If you just have a handful of menus you can simply assign each one a number, or define an enum, and have an instance variable track which menu is active. If you define one menu method per menu, OnGUI would just call the method belonging to whichever menu is active.
Or you can get fancier. The Unify wiki has an example that uses C# delegates. To switch to a different menu, it assigns the delegate to point to a different menu method.
And as I write this I see Molix has just posted an answer that uses yet another way. It defines a menu object, each a list of buttons to draw. The script keeps an array of these menus, and only one is active at any given time.
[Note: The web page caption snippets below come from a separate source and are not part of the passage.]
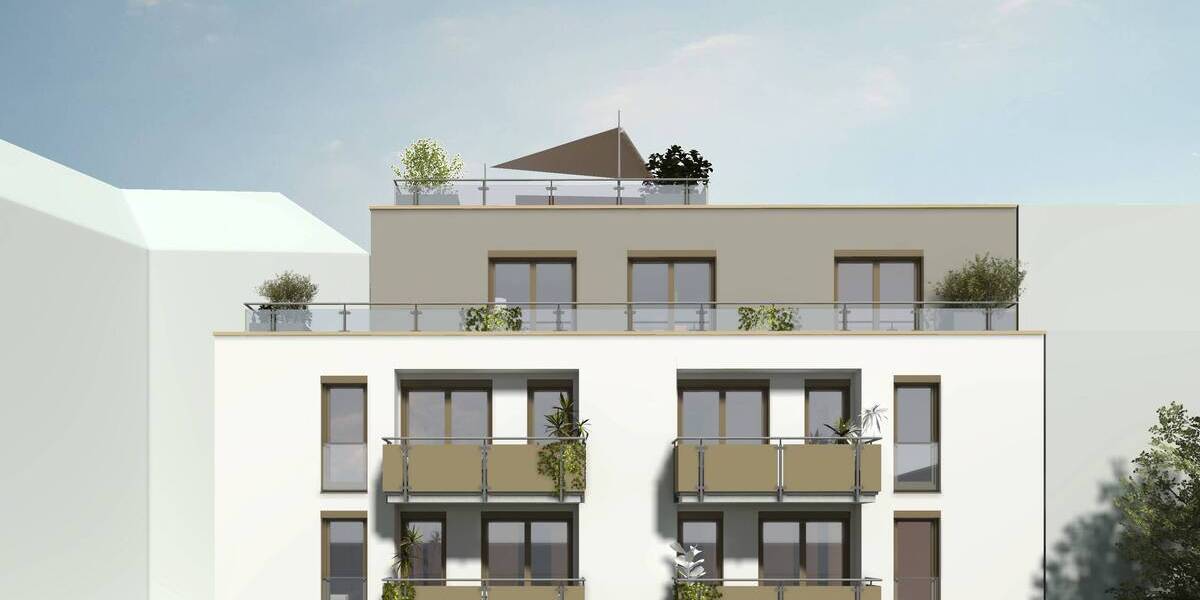 Etagenwohnung Nürnberg St Peter - 2 Zimmer, 64 m&sup2;, 418.890&euro; | Angebot:25741119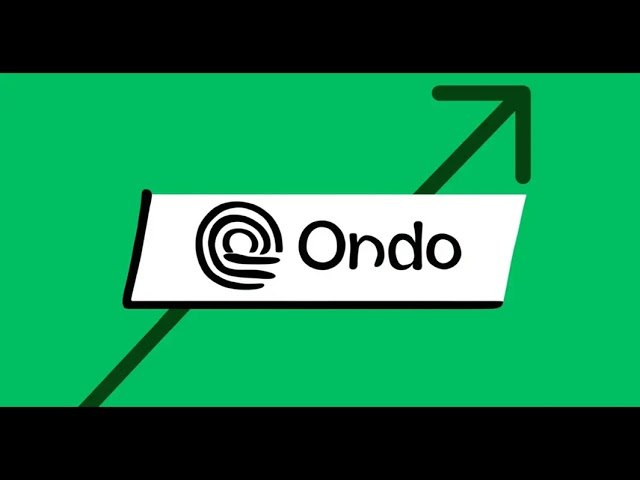 ONDO 가격 테스트 브레이크아웃! 온도 가격이 이번 달 새로운 ATH를 달성할 것인가?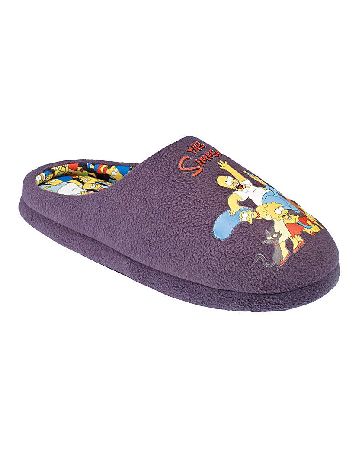 The Simpsons Mule Slipper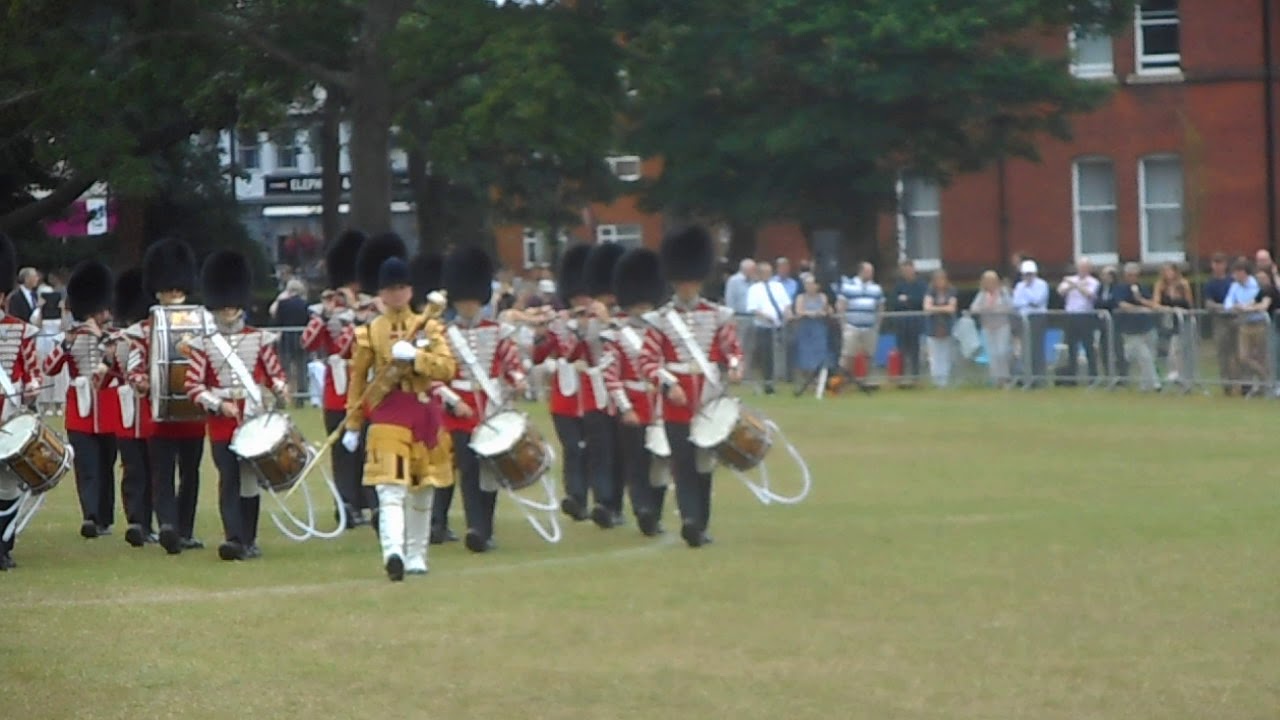 Grenadier Day 2019 Part 6: Corps of Drums 1st Batt. Grenadier Guards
It's true that coroutines, if they'd been usable here, might mean you wouldn't have to track the menu state explicitly. But as you can see there are many alternatives and they aren't necessarily messy.
Answer by Bunny83 · May 23, 2011 at 01:49 AM
I'd like to add that you can use coroutines but, like you said, you have to implement your own scheduler. In the unify-wiki is a great simple CoroutineScheduler which does exactly what you want ;). Since the build-in classes of unity are sealed and in addition you can't access their private fields you can't use WaitForSeconds and stuff like that, but Fernando Zapata implemented a "wait for seconds" function and it's even simpler ;). You can't implement things like WaitForEndOfFrame because you will run your scheduler only in OnGui().